Por sua vez, o Código Penal veio a consagrar autênticos mecanismos de justiça restaurativa (206.º, n.º 1; 218.º, n.º 4) – foi ainda introduzido o instituto de mediação penal através da Lei n.º 21/2007, que seguiu a Decisão Quadro n.º 2001/220/JAI do Conselho, de 15/Mar.
Como se pode dar conta desta breve leitura de referências que suportou a introdução de mecanismos de justiça penal negociada ou da sua privatização, a essência dos mesmos é o acordo, pelo que nenhum dos mesmos pode ser imposto, seja por quem for, designadamente o arguido, o assistente, os demandantes, o Ministério Público e muito menos o juiz.

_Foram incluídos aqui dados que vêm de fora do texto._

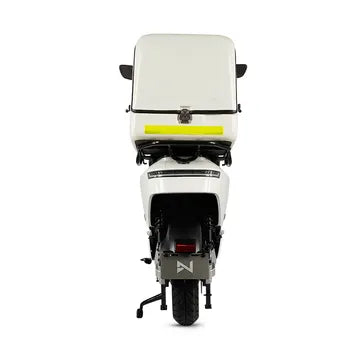 Nmoto Pizza Moped électrique 2100W 45km/h batterie amovible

Por outro lado, na sequência da filosofia implementadora desta justiça penal negociada e tendo presente que o Ministério Público é o titular do exercício da acção penal (219.º, n.º 1 Constituição; 48.º C. P. Penal), a opção pelo instituto de suspensão provisória do processo reside essencialmente no direito potestativo daquela magistratura em accionar o mesmo, ainda que sob o impulso prévio do arguido ou do assistente.
Isto significa que em nenhum momento o tribunal pode catalisar a suspensão provisória do processo e muito menos impor essa reacção hetero-compositiva ao Ministério Público.
Daí que a pretensão do arguido seja manifestamente improcedente, devendo ser “duplamente” rejeitada e devidamente sancionada (420.º, n.º 1, al. a) e b); n.º 3).
*
b) A medida da pena principal
i) Os dias de multa
O crime de condução em estado de embriaguez da previsão do artigo 292.º, n.º 1 do Código Penal comina “Quem, pelo menos por negligência, conduzir veículo, com ou sem motor, em via pública ou equiparada, com uma taxa de sangue superior 1,2 g/l, ”, punindo com “pena de prisão até um ano ou com pena de multa até 120 dias, se pena mais grave não lhe couber”, sabendo que o mínimo da pena de prisão é um (1) mês da pena de multa são dez (10) dias (41.º, n.º 1; 47.º, 1 do Código Penal).
Através deste crime pretende-se tutelar imediatamente a segurança da circulação rodoviária em geral e mediatamente os riscos de lesão para a vida, a integridade física e os bens patrimoniais.
Trata-se de um crime de perigo abstracto, o que significa que o perigo não faz parte dos elementos típicos deste ilícito criminal, partindo-se antes da presunção de que o estado de embriaguez, nas suas diversas cambiantes e a partir de uma TAS superior a 1,2 g/l, torna qualquer pessoa inapta para conduzir.
Tal presunção decorre da constatação de que o álcool em excesso produz efeitos destabilizadores em qualquer pessoa, como seja a criação de um estado de imoderada confiança em si próprio, bem como a diminuição da rapidez de reflexos, da capacidade visual e do raciocínio.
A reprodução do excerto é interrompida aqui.